The best-in-class companies are already well down the path of making these changes, especially in extending the transportation process outside the boundaries of the local transportation department and changing their relationship with carriers.
In addition, technology is seen by many businesses as vital to enabling these process changes. Nearly 30 per cent of companies plan to adopt commercial transportation applications in the next 18 months, and the majority of current users plan to extend their solutions as well.
Aberdeen's New Strategies for Transport Management Benchmark Report provides specific recommendations for action for companies based on their current maturity stage. However, it says that all companies, regardless of size and transportation sophistication, should first of all prioritise transportation improvement initiatives through the lens of the customer.
In addition, transportation management processes should be extended to deliver value to other parts of the organisation, such as customer service, replenishment, and procurement. They must identify root causes of service failures and cost overruns by using scorecards and analytics to examine carrier performance and internal and trading partner processes.

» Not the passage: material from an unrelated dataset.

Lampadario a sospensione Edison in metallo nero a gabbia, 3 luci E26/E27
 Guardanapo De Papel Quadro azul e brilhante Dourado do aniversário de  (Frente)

As in virtually every aspect of supply chain operations, technology is increasingly playing a pivotal role. Aberdeen says that businesses should create a programme to become more carrier friendly to buffer themselves from capacity shortages and rate hikes.
The report is especially pertinent as shipping rates are expected to continue to climb. In addition to continually high oil and steel prices, many shipping lines in the US and elsewhere are implementing expensive security regulations aimed at thwarting terrorism.
Other costs including insurance, terminal charges and even container prices are also on the increase. And, as is common knowledge now, China's rapid industrialisation continues to suck in a sizeable proportion of available freight.
A report on the container ship market by analyst Howe Robinson suggests that all this is creating a 'tonnage squeeze,' with ships available for charter certain to be in short supply in 2004. Some container lines will be forced to cut non-core services if they become unprofitable.